To look into your eyes,
whatever may be mirrored there.
To touch your pain
and to show you mine.
I ache...
To be held, loved, cherished...
to hold, to love, to cherish...
I ache to see the man I know you can be.

Tuesday, February 5, 2008

Look Deeper

teetering atop a pillar
a flawed vessel
cracked and worn by time
at first glance 'tis merely aged
broken
look closer
see the surface cracks in the gloss
decoration hastily applied
layers added here and there
by various owners over time
spidery lines spreading in patterns
see the deeper cracks and chips
evidence of a life
proof that it was used
maybe abused
perhaps loved
both
some have been repaired
some remain bestowing character
personality
the vessel is still useful
whole
though discarded by most
priceless to some
who can see its value as treasure
yet it teeters atop a pillar
threatening to fall
threatening to break
even if it shatters
razor shards on stone
it may be lovingly reconstructed
soft hands
gentle heart
'twill be cracked and scarred
mostly whole
and always there is a chance
that it will be caught
and cushioned mid-fall

Monday, February 4, 2008

Masks

Little lies we tell ourselves,
running 'round my mind.
Little masks we always wear,
now hidden from myself.
Cracked at the seams,
spilling forth,
truth oozing free from deception.
Who sees true within this life
beneath the hurt and despair?

Sunday, February 3, 2008

I was Wrong

Oh horror!
Blindness and idiocy!
I was wrong...

There is a cave within my mind,
a place I return to time and again.
It is dark and damp and cold.
It is a place of depression, of wallowing;
there I spend many inspired times.
Once I thought chains held me there,
in time I thought I was bound.
Felt shackled and caged, cramped.
Tortured by the hellfires, unable to breathe.

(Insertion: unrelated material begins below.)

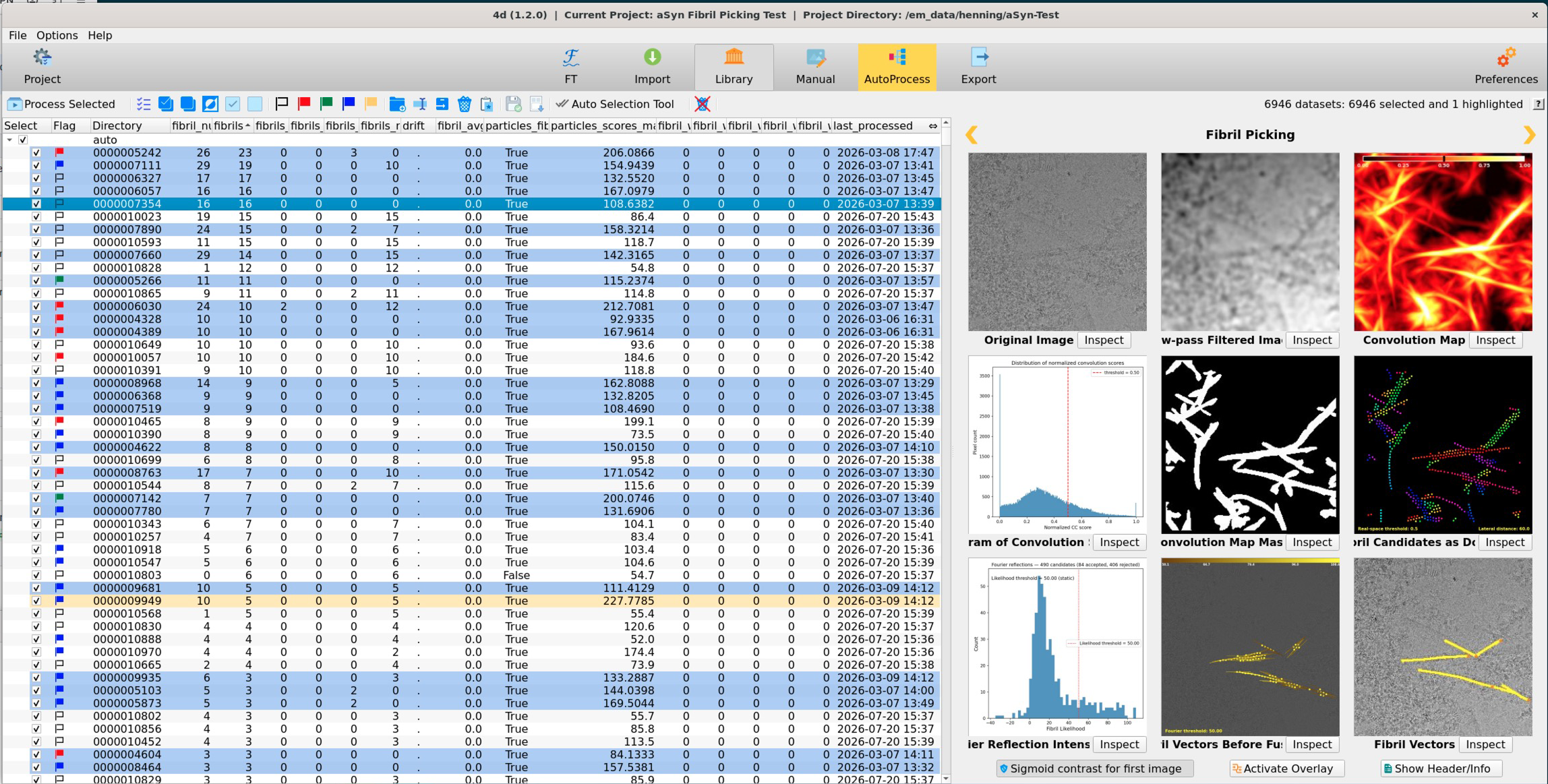 The Library table during processing, with queued, running and finished rows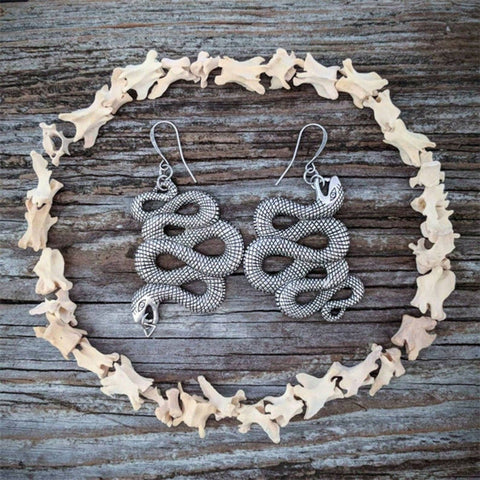 Mismatched Snake Earrings, Zodiac Animal Earrings, Slithering Viper Earrings, Swirl Serpent Earrings, Femme Fatale Earrings, Spiral Earrings - Froppin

But the sun still shines high above,
birds still sing, and there is no need to weep.
I can leave anytime I wish...I have only to walk.
I can run and dance and twirl and jump
in the meadows of love and hope.
The chains with which I fixed myself
lie broken and useless within.
Joy springs from the eternal well.

I wrap myself in the warmth of love,
in the joy of passion and new friends.
Though I'll try to forget, I never will.
Memories tend to haunt me forever.
But I've learned and I've lost and I've been wrong.
I can admit it and I cherish it well.
Understanding may one day break through clouds;
forgiveness, though hard, already has.